La femme accident 1. Première partie
U
ne adolescente s’ennuie dans la pauvre banlieue de Charleroi. Privée de père, délaissée par sa mère, elle trouve refuge auprès des bandes de garçons et finit par s’éprendre de l’un d’entre eux. La passion cède vite la place à l’habitude mais elle tombe enceinte et se voit contrainte d’avorter alors que son désir de maternité apportait un peu de lumière à une vie sans relief. Un « petit accident » de plus sur un parcours bien sinueux, annonciateur d’un funeste destin auquel, malgré tous ses efforts, elle ne semble pouvoir échapper.

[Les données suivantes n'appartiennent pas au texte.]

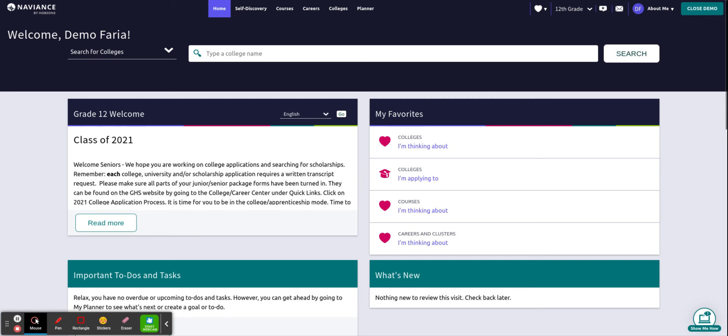First things first, you need to log in to your student Naviance account. The best and easiest way to log in is by going through your MCPS Gmail inbox. Once you are in your MCPS inbox, you want to hit the nine dots on the very top right where it says Google Apps. Scroll through and then click on the Naviance app and you will automatically be signed into your account.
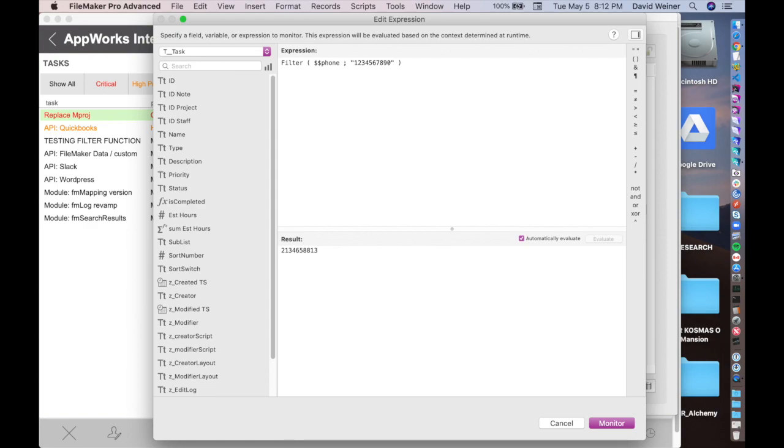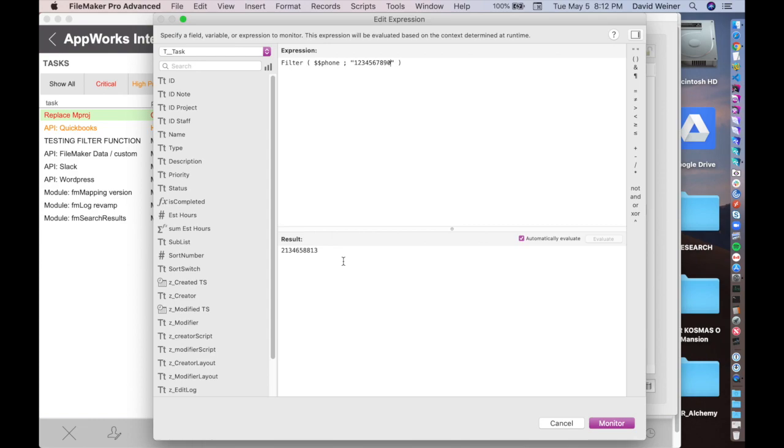We don't want any of the extraneous text. So say somebody wrote into a field, for example, mobile, and then put in 2, 1, 3, 4, 6, 5, 8, 8, 8, 1, 3, then you'd have all this stuff, and it's not actually a useful value for you to have in your data. So you want to clean that data, and that's basically what these filter functions are for, for cleaning data, at least the basic filter function, which is this one.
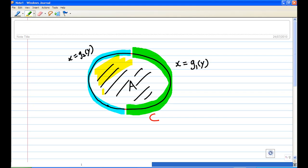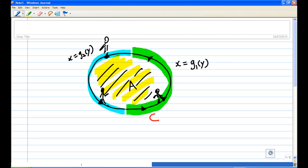Now we are going to traverse the curve in this way: the inside is always on the left as you traverse. Just imagine that you are traveling along this path and your left hand is always pointing towards the inside. As you move along the path, your left hand is always pointing towards the interior. In that case, we say that you traverse in a positive sense.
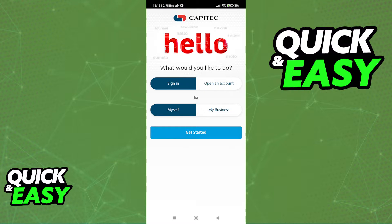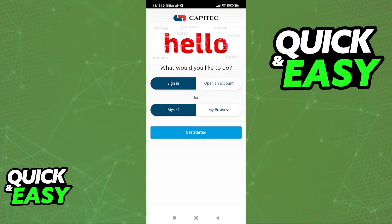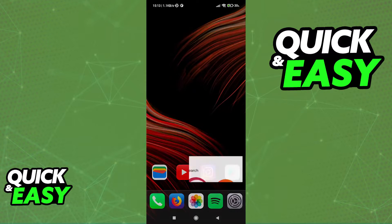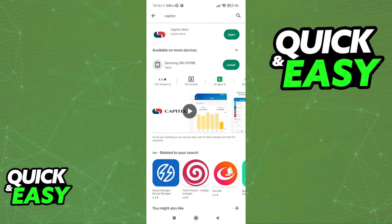You will be able to find the options to manage and activate any sort of information related to your account inside of the latest version of the Capitec Bank mobile app. All you have to do is open up the Play Store or the App Store and look for the Capitec Bank mobile app.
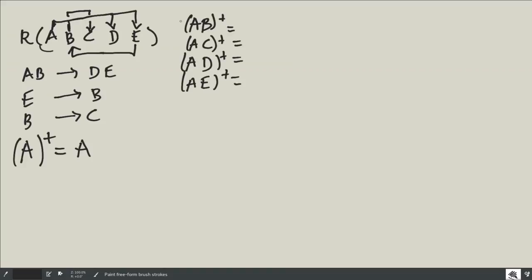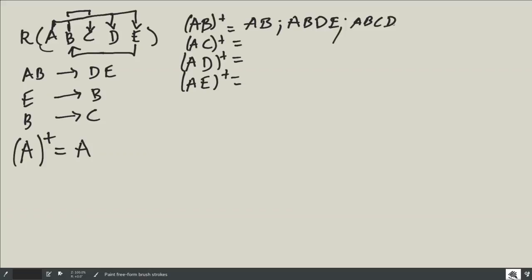Let's start with {A, B}. Having A and B, I can trivially find A and B, and I can also find D and E. From B I can go to C, and I don't have C yet, so I can find it now. So the closure is {A, B, C, D, E} — the full relation. Therefore, {A, B} is a candidate key.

Le titre insolite (en référence à un vieux tube d’OMD ?) a le mérite de ne pas mentir sur le contenu : c’est d’une jeune femme à la trajectoire singulièrement accidentée dont il est ici question. Lapière est coutumier des histoires intimistes dans ce registre, en particulier dans la collection Aire Libre, mais on attendait moins le Grenson de Niklos Koda. Explorant pour l’occasion la technique de la couleur directe, il signe d’ailleurs une partition inspirée qui n’est pas loin d’être le principal atout de ce diptyque.

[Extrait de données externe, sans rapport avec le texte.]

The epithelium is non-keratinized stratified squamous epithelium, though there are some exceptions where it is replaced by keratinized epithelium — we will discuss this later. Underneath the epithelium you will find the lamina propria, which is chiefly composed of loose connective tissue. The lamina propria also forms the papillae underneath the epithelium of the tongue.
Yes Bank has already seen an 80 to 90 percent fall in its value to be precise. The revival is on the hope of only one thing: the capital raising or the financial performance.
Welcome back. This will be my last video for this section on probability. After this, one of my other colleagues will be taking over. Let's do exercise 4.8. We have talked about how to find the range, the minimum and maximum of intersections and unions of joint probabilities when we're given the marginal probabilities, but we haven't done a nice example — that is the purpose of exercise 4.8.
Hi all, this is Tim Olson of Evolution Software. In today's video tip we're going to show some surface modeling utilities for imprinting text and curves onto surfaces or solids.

L’histoire est classique, presque prévisible tant la jeune femme semble ne devoir échapper à aucun des drames qui peuvent affecter une existence. L’originalité provient plutôt de la narration en flash-back qui entretient le flou sur les motivations plus que sur les événements, et donc, de l’excellent dessin de Grenson qui met en évidence l’autre héros de l’histoire : cette pauvre cité minière dans laquelle le malheur semble inévitable. Paradoxalement, dans ce décor industriel désuet et sinistre, c’est avant tout la lumière qui émane de ces planches qui étonne, et qui finalement confère une ambiance moins pesante que ce qu’on pouvait craindre. Le fait que le dessinateur ait passé sa jeunesse dans ce secteur n’est pas sans doute pas étranger à cette impression : il faut avoir fait les quatre cents coups sur un terril pour pouvoir en restituer une vision autrement plus gaie que l’image réductrice d’un simple amas de schistes grisâtres.
Une histoire simple et forte, des personnages attachants, un dessin soigné : cet album trouve sa place sans problème dans l’excellente collection Aire Libre et devrait donc combler les amateurs de romans graphiques.